USC Women's Basketball

Quinnipiac is a team with a story to tell

South Carolina women’s basketball forward A’ja Wilson has a rule, probably a pretty good one.

“You never want to play a team with a story,” she said.

Louisville’s men’s team came out on the wrong side of that last weekend, losing to a Michigan squad that hasn’t lost since its plane rolled off the tarmac. Wilson’s Gamecocks have to try to play the role of old guard, holding off the tournament upstart Saturday in an NCAA Sweet 16 game in Stockton Calif.

Not that everyone’s got down the spelling of “Quinnipiac.”

“I know they’re the Bobcats,” Wilson said. “I kind of know how to spell it, not really. I thought it was with an ‘e’ but it’s not. They’re a really good team, the Cinderella team, so called, in our bracket. We really can’t sleep on them, because we watched the Miami game, and the way that they came back, just the way that they played, it was great.”

Her squad gets the story of the tournament, a team with the lowest remaining seed (12, Oregon is the next lowest at 10) and a program history as quaint as they come.

The team went Division I in 1998-99. Head coach Tricia Fabbri has been there since three seasons before that. She’s overseen a start in the Northeast conference, and the transition to the MAAC after the program’s first NCAA trip in 2013.

Her program built with ups and down, finally breaking through with a 30-3 record that 2013 season and then 31-4 in 2014-15. This season wasn’t quite at that level of dominance, but the Bobcats, led by the coach’s daughter, Carly Fabbri, held off a good Rider team for the conference title and made history with the first two NCAA tournament wins in program history.

Gamecocks coach Dawn Staley looked at one particular skill they bring to the table.

“You know they can shoot it from outside, the 3,” Staley said. “We’ve got to make them 2 us. We’ve got to make them put the ball on the floor. We’ve got to stay in between them and the basket. We’ve got to rebound the basketball.”

That shooting prowess was on particular display against Miami, when Quinnipiac connected on 15-of-26 3s.

This is the round where South Carolina tripped up last season, granted to a solid Syracuse team instead of to a tournament darling.
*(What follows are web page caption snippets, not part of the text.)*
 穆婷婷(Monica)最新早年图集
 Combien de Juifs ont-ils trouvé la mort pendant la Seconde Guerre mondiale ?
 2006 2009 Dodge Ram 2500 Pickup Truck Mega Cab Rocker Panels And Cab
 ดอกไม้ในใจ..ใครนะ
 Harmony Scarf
Staley said if this was on a one-game turnaround, facing a team on this kind of run would be trickier, but with the longer game, the coaches should have everything covered.
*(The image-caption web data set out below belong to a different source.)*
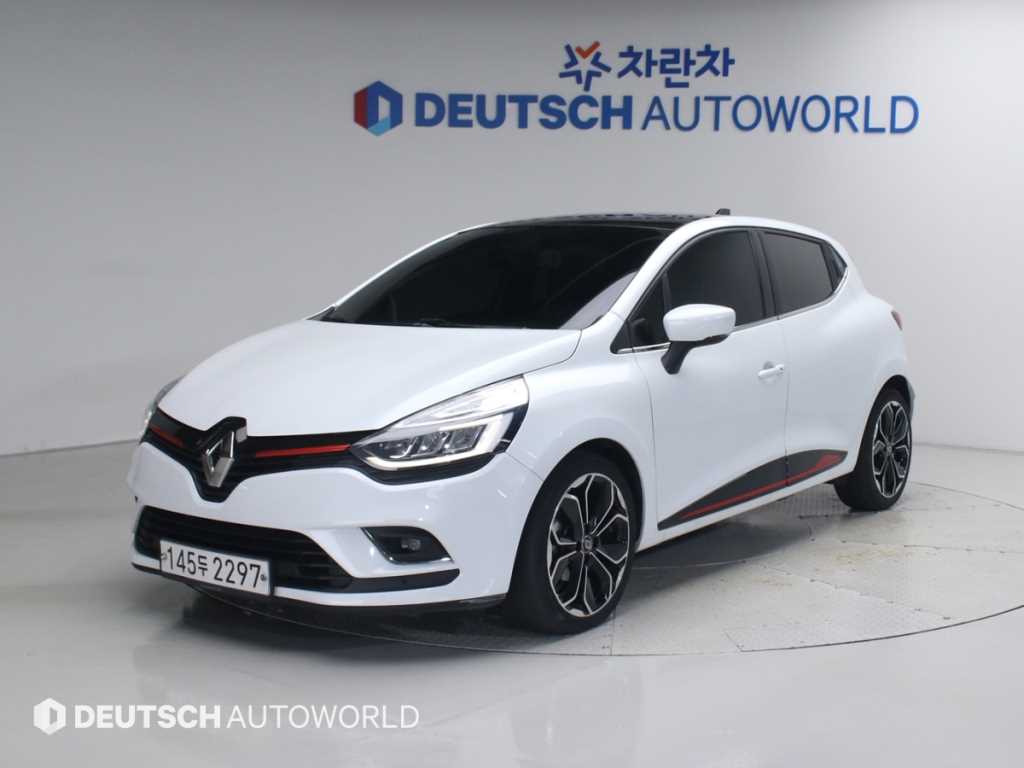 SAMSUNG Clio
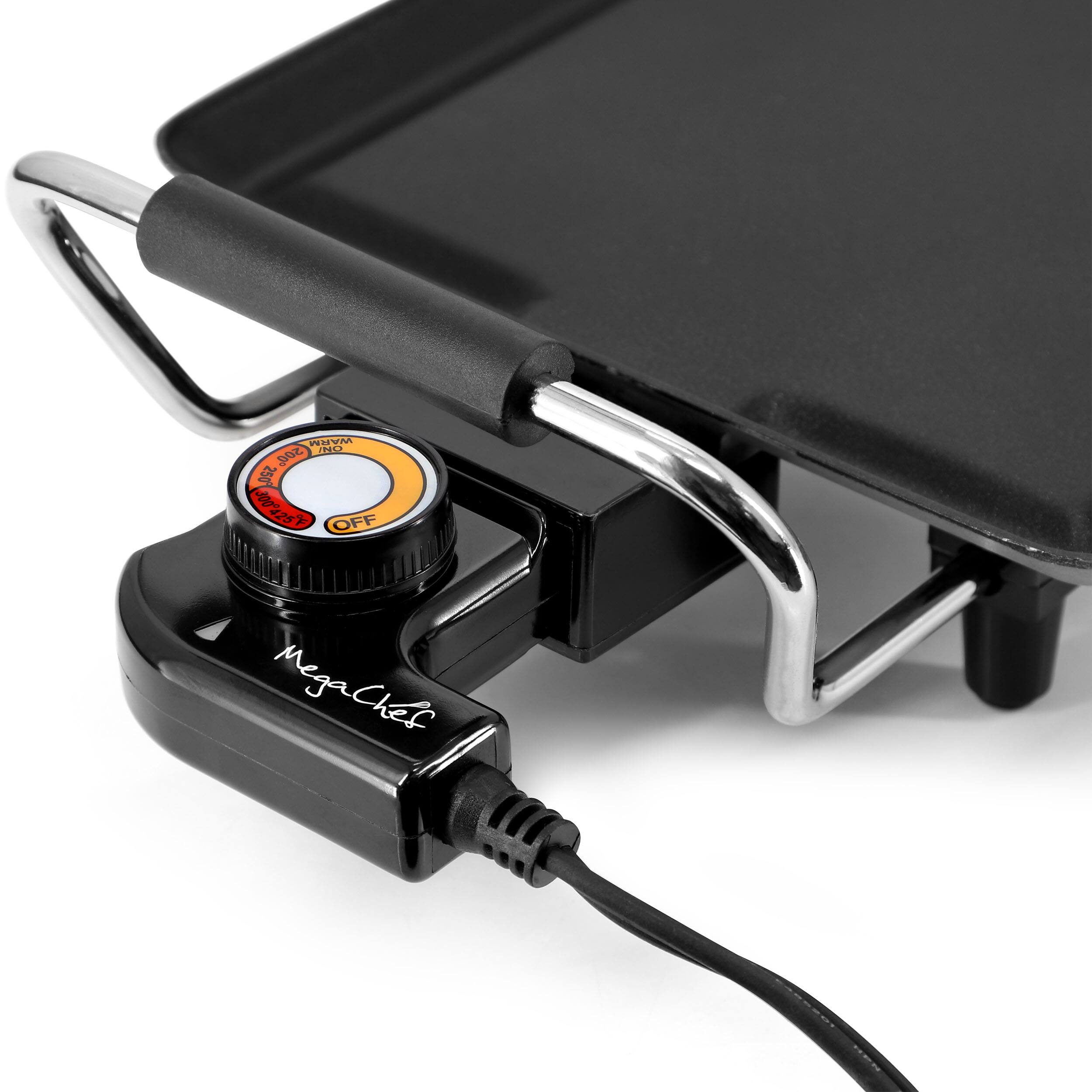 WARM Cad s00 250 401251 OFF MegaChef Mega Chef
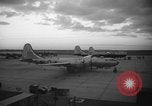 Image of B-29 Superfortress Kansas United States USA, 1946, second 25 stock footage video 65675072618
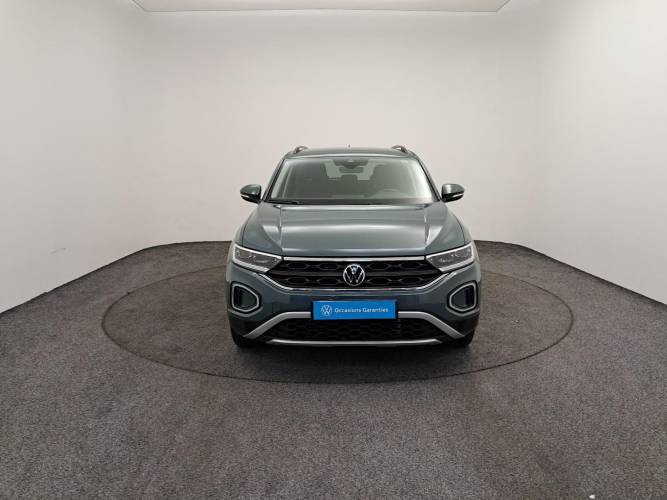 T-Roc 1.0 TSI 116 Start/Stop BVM6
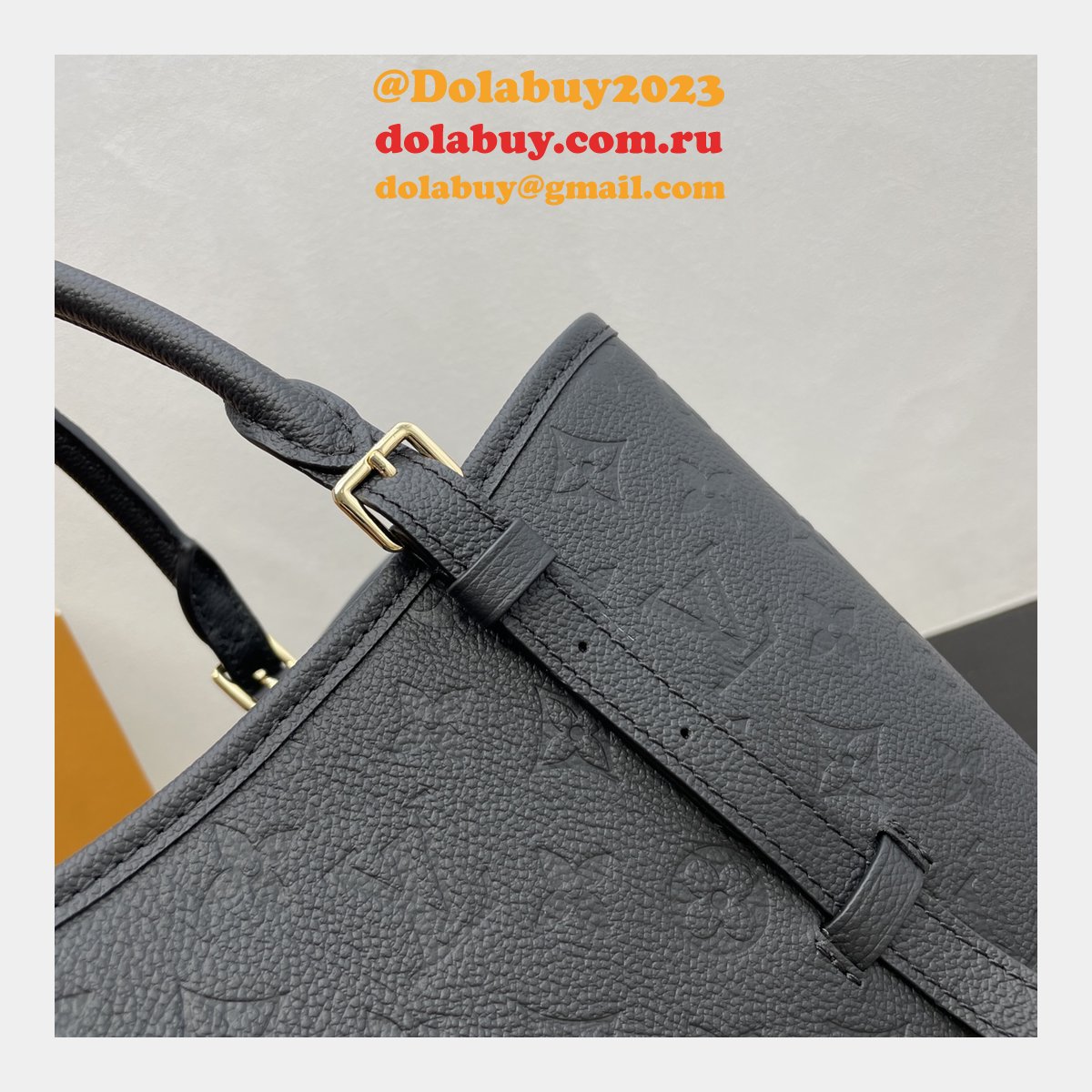 Top Quality Louis Vuitton Babylone Tote PM M11393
“I think it’s a great story, what they’ve been able to accomplish,” Staley said. “So we’re well ahead and we’re in front of the stories.

“So nothing’s really going to catch us off guard.”

Women’s Sweet 16

Who: USC (29-4) vs. Quinnipiac (29-6)

When: 4 p.m. Saturday

Where: Stockton, Calif.

TV: ESPN

Other game: Florida State vs. Oregon State, 6:30 p.m.